## Sets of features used in the papers

### Machine Learning Methods for Predicting Failures in Hard Drives: A Multiple-Instance Application (University of California dataset)

 Attributes in the set of 25 are: GList1, PList, Servo1, Servo2, Servo3, Servo5, ReadError1, ReadError2, ReadError3,
FlyHeight5, FlyHeight6, FlyHeight7, FlyHeight8, FlyHeight9, FlyHeight10, FlyHeight11, FlyHeight12, ReadEr-
ror18, ReadError19, Servo7, Servo8, ReadError20, GList2, GList3, Servo10.

Single attribute tests using rank-sum were run on all 25 attributes selected in Section 3.3 with 15 samples per pattern. Of these 25, only 8 attributes (Figure 9) were able to detect failures at sufficiently low false alarm rates: ReadError1, ReadError2, ReadError3, ReadError18, ReadError19, Servo7, GList3 and Servo10. Confirming the observations of the feature selection process, ReadError18 was the best attribute, with 27.6% detection at 0.06% false alarms.

Using combinations of attributes in the rank-sum test can lead to improved results over single-attribute classifiers (Figure 11). The best single attributes from Figure 9 were ReadError1, ReadError3, ReadError18 and ReadError19. Using these four attributes and 15 samples per pattern, the rank-sum test detected 28.1% of the failures, with no measured false alarms.

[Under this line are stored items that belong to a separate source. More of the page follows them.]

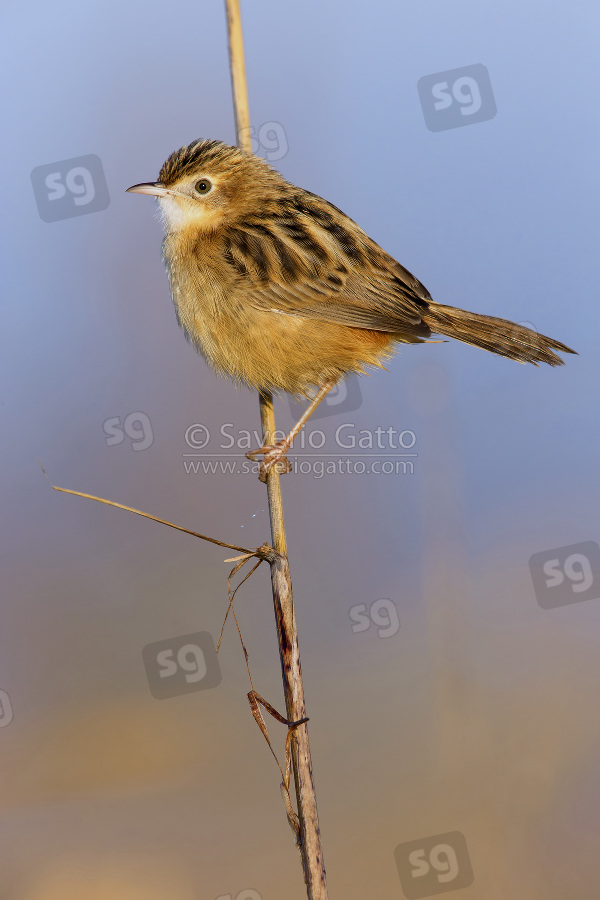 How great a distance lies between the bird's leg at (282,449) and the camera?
11.0 feet

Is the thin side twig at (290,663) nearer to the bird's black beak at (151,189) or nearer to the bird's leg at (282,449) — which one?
the bird's leg at (282,449)

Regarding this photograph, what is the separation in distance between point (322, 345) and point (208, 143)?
1209 millimetres

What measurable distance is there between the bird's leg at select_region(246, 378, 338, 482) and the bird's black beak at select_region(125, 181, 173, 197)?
A: 123 centimetres

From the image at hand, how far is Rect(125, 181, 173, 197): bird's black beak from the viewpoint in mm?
3555

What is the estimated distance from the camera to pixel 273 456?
11.0ft

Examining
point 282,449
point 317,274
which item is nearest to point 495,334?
point 317,274

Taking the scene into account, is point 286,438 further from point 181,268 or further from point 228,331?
point 181,268

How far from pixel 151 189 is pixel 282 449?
1.43 metres

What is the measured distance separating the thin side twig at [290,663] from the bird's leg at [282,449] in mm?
480

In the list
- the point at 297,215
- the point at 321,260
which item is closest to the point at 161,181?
the point at 297,215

Higher detection rates (52.8%) can be had if more false alarms are allowed (0.7%). 


### Bayesian Approaches to Failure prediction for Disk Drives (Quantum dataset)

|Abbreviation | Description|
|---|---|
| RET | read error rate |
| SUT | spinup time |
| CSS | start-stop count |
| GDC | grown defects count |
| SKE | seek errors count |
| POH | power-on hours |
| RRT | calibration retries |
| PCC | power cycles count |
| RSE | read soft errors count |
| DMC | CRC errors count |
| OSS | offline surface scan |


### Health Monitoring of Hard Disk Drive Based on Mahalanobis Distance


**Most of the works used all of the data without selection or select the data with maximum distance between healthy drive and failed drives**. It is actually a supervised methodology based on the prior knowledge from which the drive's health status can be known.

#### FMMEA method applying


1. Potential failure mechanisms 
are determined by available mechanisms corresponding to the physical, electrical, chemical and mechanical stresses which can induce the failure. It is found that 60% of drives failures are mechanical, often resulting from the gradual degradation of the drive's performance. 
In HDD they are:
- Head disk interface (HDI, including head and disk, also known as air bearing): Crack on head, broken head, head contamination, bad connection to electronics module; disk
scratches, defect, bad servo pattern, flying height variation and modulation.
- Head stack assembly: off-track, deformation.
- Motors/bearings: motor failure, worn bearing, excessive run out, no spin.
- Electronic module: circuit/chip failure, bad connection to drive or bus.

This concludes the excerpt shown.